------ STORED DATA

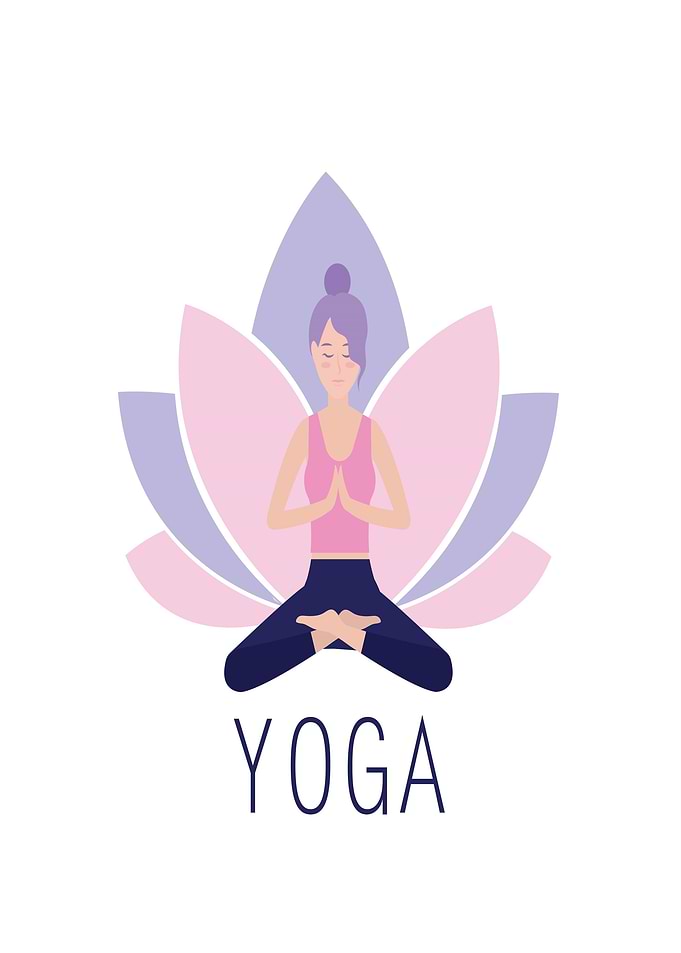 Woman meditating in lotus pose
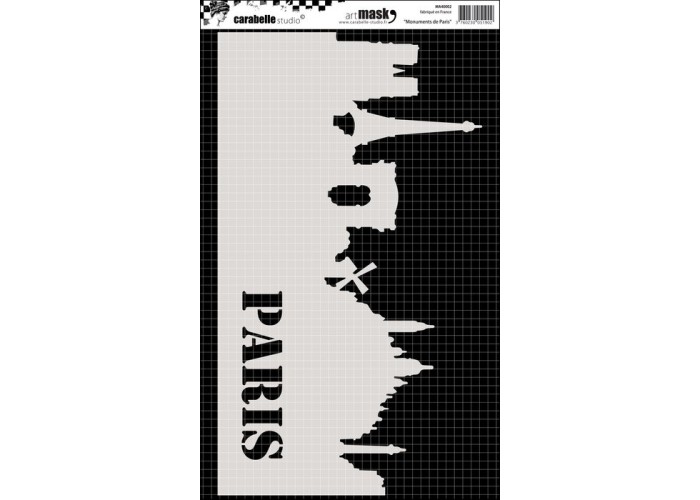 Στένσιλ Monuments Of Paris 16x28cm Στένσιλ Monuments Of Paris 16x28cm
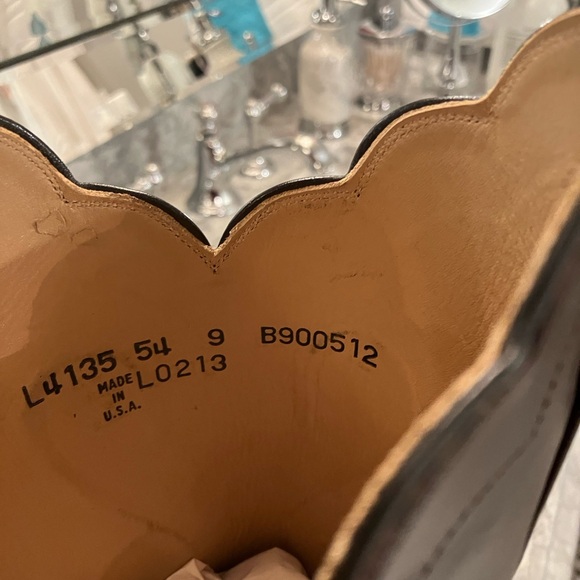 Women’s Lucchese Brown Leather & Alligator Cowboy Boots size 9 - Picture 9 of 10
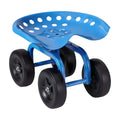 Gardeon Garden Seat 360 Swivel Adjustable Work Scooter 150kg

------------

● **PROBLEM**:
Working from the line that contains "Στένσιλ Monuments Of Paris 16x28cm Στένσιλ" to the last line of the listing, please quote each line exactly, pictures excluded.

● **ANSWER SPACE**:
 Στένσιλ Monuments Of Paris 16x28cm Στένσιλ Monuments Of Paris 16x28cm
 Women’s Lucchese Brown Leather & Alligator Cowboy Boots size 9 - Picture 9 of 10
 Gardeon Garden Seat 360 Swivel Adjustable Work Scooter 150kg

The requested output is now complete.